Provided material:
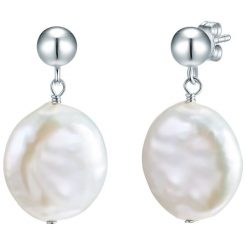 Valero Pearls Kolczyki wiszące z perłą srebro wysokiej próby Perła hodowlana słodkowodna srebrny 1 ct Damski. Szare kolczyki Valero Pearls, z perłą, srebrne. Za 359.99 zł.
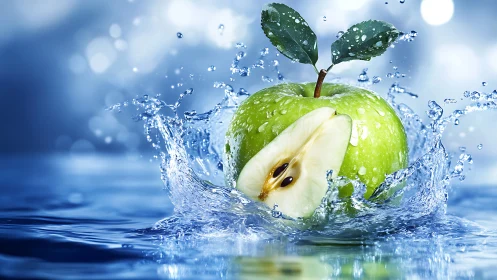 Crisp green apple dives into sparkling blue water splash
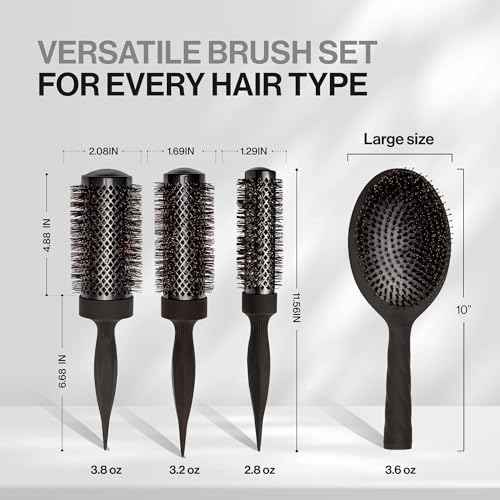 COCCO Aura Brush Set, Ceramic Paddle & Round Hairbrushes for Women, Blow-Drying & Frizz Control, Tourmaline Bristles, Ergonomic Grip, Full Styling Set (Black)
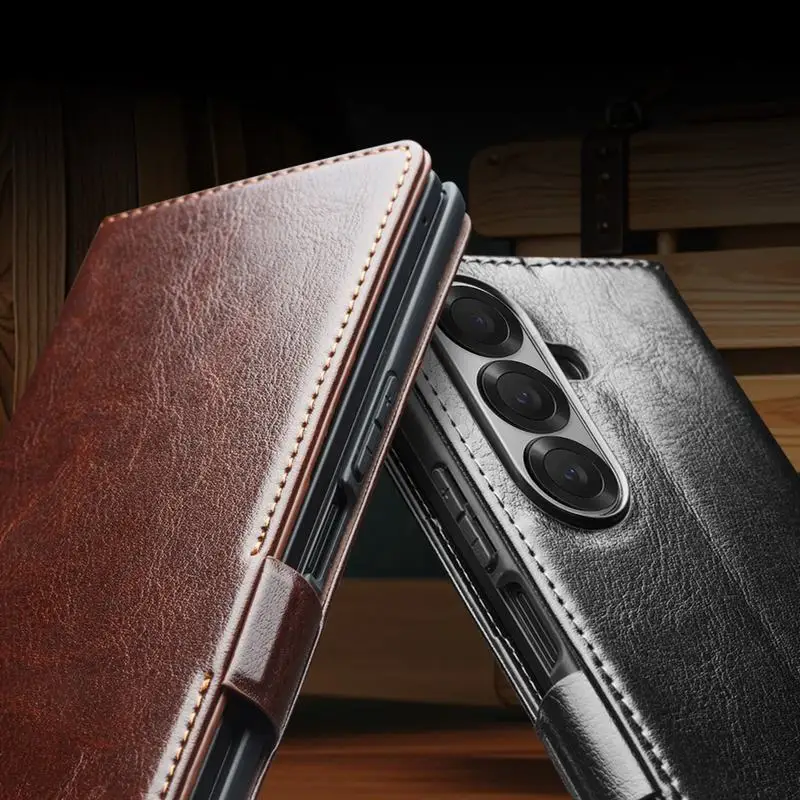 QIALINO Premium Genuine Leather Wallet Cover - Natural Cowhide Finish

What is required: With the pictures left out, output exactly the lines from the one with "COCCO Aura Brush" through the end of the listing above, both ends included.

Response for this exercise:
 COCCO Aura Brush Set, Ceramic Paddle & Round Hairbrushes for Women, Blow-Drying & Frizz Control, Tourmaline Bristles, Ergonomic Grip, Full Styling Set (Black)
 QIALINO Premium Genuine Leather Wallet Cover - Natural Cowhide Finish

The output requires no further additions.